I am trying to run the first example from the oreilly book "Stream Processing with Apache Flink" and from the flink project. Each gives different errors
Example from the book gies NoClassDefFound error Example from flink project gives java.net.ConnectException: Connection refused (Connection refused) but does create a flink job, see screenshot.
Detail below
Book example
java.lang.BootstrapMethodError: java.lang.NoClassDefFoundError:scala/runtime/java8/JFunction1$mcVI$sp at io.github.streamingwithflink.chapter1.AverageSensorReadings$$anon$3.createSerializer(AverageSensorReadings.scala:50)
The instructions from the book are:
download flink-1.7.1-bin-scala_2.12.tgz
extract
this all works fine
./bin/flink run \
-c io.github.streamingwithflink.chapter1.AverageSensorReadings \
examples-scala.jar
It seems that the class is not found from error message at the top of this post.
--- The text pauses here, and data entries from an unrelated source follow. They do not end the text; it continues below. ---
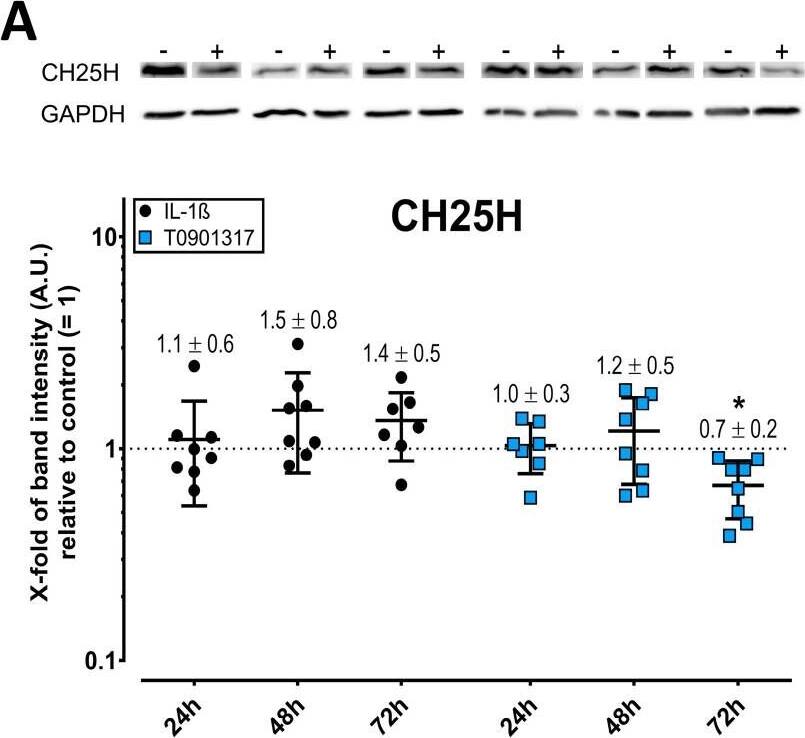 CH25H Antibody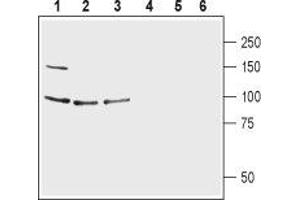 Glutamate Receptor, Ionotropic, delta 1 (GRID1) peptide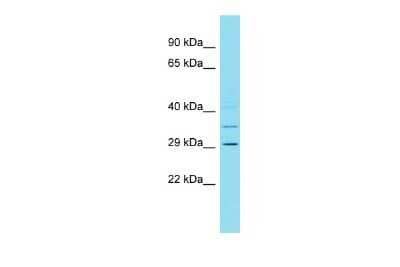 Western Blot: C4orf50 Antibody [NBP2-82917]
I put the jar in the same directory I am running the command
java -version
openjdk version "1.8.0_242"
OpenJDK Runtime Environment (Zulu 8.44.0.9-CA-macosx) (build 1.8.0_242-b20)
OpenJDK 64-Bit Server VM (Zulu 8.44.0.9-CA-macosx) (build 25.242-b20, mixed mode)
I also tried compiling the jar myself with the same error.
https://github.com/streaming-with-flink/examples-scala.git
and
mvn clean build
error is the same.
Flink project tutorial
running the SocketWindowWordCount
./bin/flink run examples/streaming/SocketWindowWordCount.jar --port 9000
I get a job but it fails
gives java.net.ConnectException: Connection refused (Connection refused)
It is not clear to me what connection is refused. I tried different ports with no change.
How can I run flink code successfully?
I tried to reproduce the failing AverageSensorReadings
example, but it was working on my setup. I'll try look deeper into it tomorrow.
Regarding the SocketWindowWordCount
example, the error message indicates that the Flink job failed to open a connection to the socket on port 9000. You need to open the socket before you start the job. You can do this for example with netcat:
nc -l 9000
After the job is running, you can send messages by typing and and these message will be ingested into the Flink job. You can see the stats in the WebUI evolving according to the number of words that your messages consisted of.
Note that netcat closes the socket when you stop the Flink job.